EXERCISE: Unless a line falls after the one with "Main View - Click", retype it exactly from the records below; leave out all pictures.

MATERIAL TO PROCESS:
+ + + + +
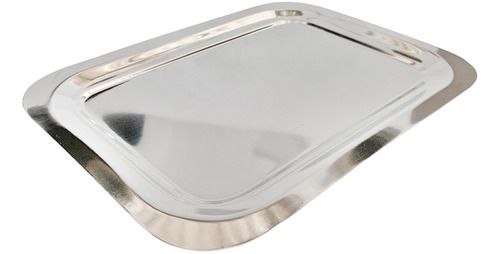 Bandeja Rectangular Grande 28x38cm Acero Inoxidable Servir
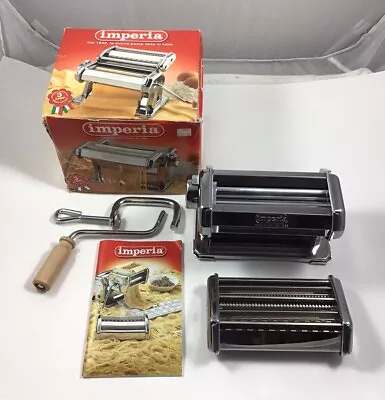 Vitantonio Imperia  Deluxe Pasta Maker Made In Italy COMPLETE • $35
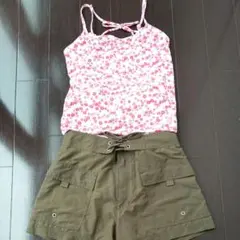 水着 L セット 花柄 スイムパンツ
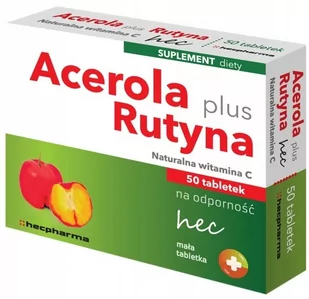 Hecpharma Acerola plus rutyna HEC x 50 tabl - Witaminy i minerały - miniaturka - grafika 1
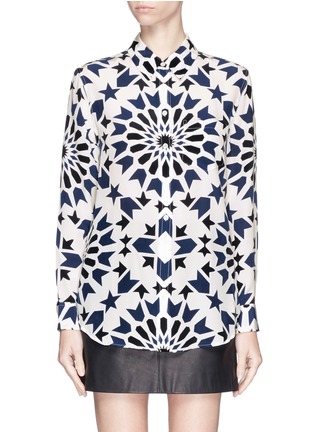 Main View - Click To Enlarge - EQUIPMENT - 'Reese' abstract mosaic print silk shirt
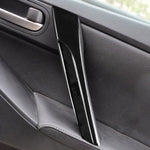 Per Mazda 3 Axela 2010-2013 Adesivo decorativo 8 in 1 per maniglia per portiera auto, guida a destra e a sinistra universale, Door Push Handle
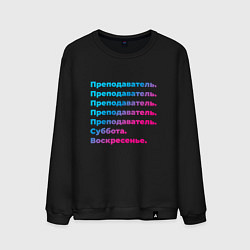 Мужской свитшот Преподаватель суббота воскресенье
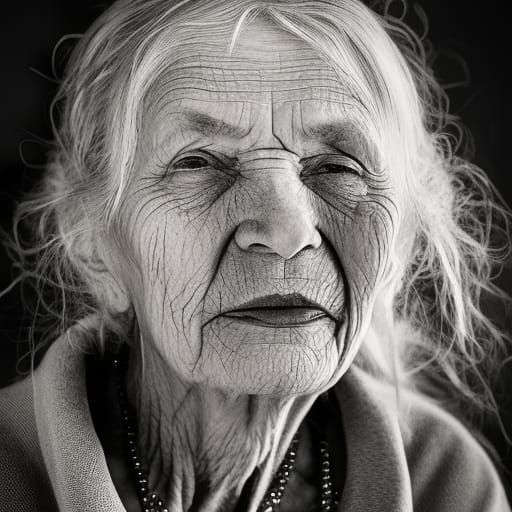 Crone, old woman, grandmother - AI Generated Artwork - NightCafe Creator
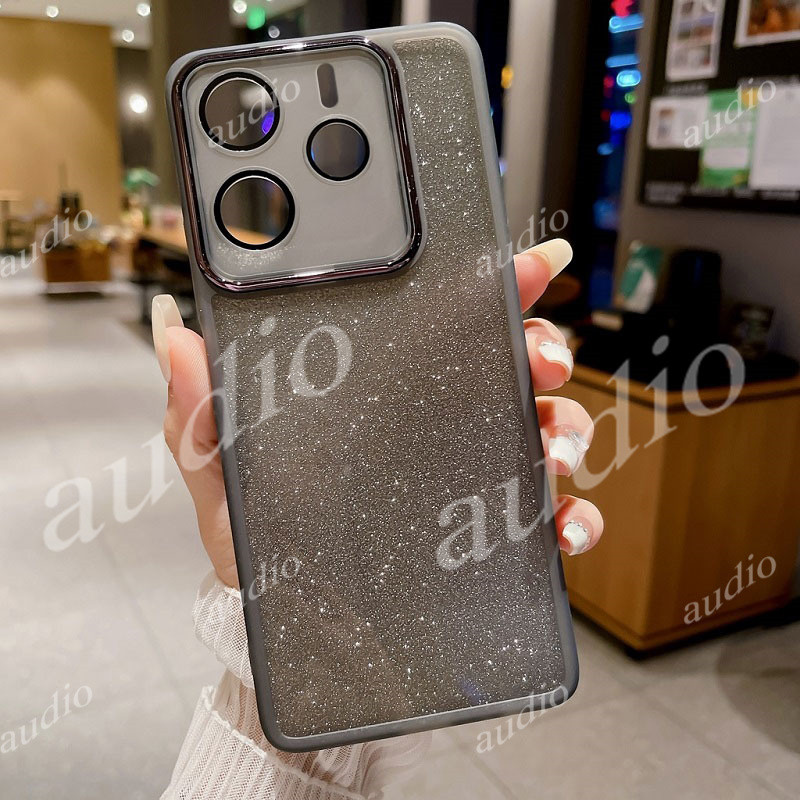 Redmi Note 15 14 5G 4G Ốp điện thoại Bling Long lanh cho Redmi Note 14 15 Pro Plus Pro+ 14Pro 14Pro+ 15Pro 15Pro+ 5G 4G Vỏ chống sốc trong suốt trong suốt với mặt sau bảo vệ ống kính máy ảnh đầy đủ cho Redmi Note14 Note15 Pro Pro+ Note14Pro+ Note15Pro+ 5G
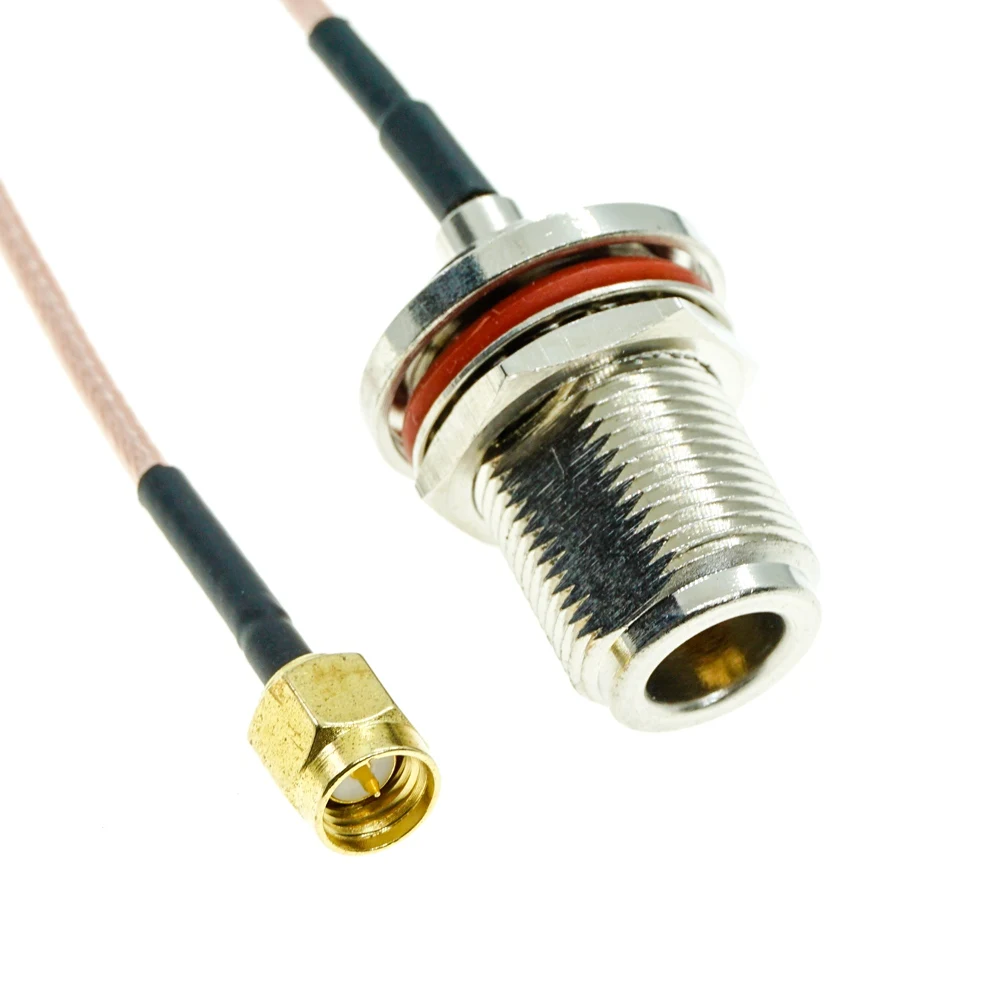 SMA Male to N Female Bulkhead Connector Crimp RF Coaxial Coaxi WiFi Extension wire jumper pigtail cable RG316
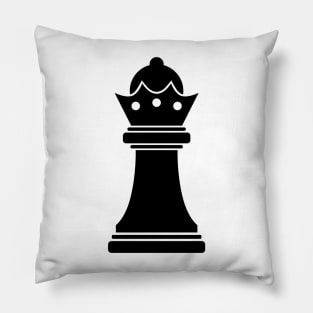 Queen Black Pillow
+ + + + +
YOUR SOLUTION:
 Bandeja Rectangular Grande 28x38cm Acero Inoxidable Servir
 Vitantonio Imperia  Deluxe Pasta Maker Made In Italy COMPLETE • $35
 水着 L セット 花柄 スイムパンツ
 Hecpharma Acerola plus rutyna HEC x 50 tabl - Witaminy i minerały - miniaturka - grafika 1
 Main View - Click To Enlarge - EQUIPMENT - 'Reese' abstract mosaic print silk shirt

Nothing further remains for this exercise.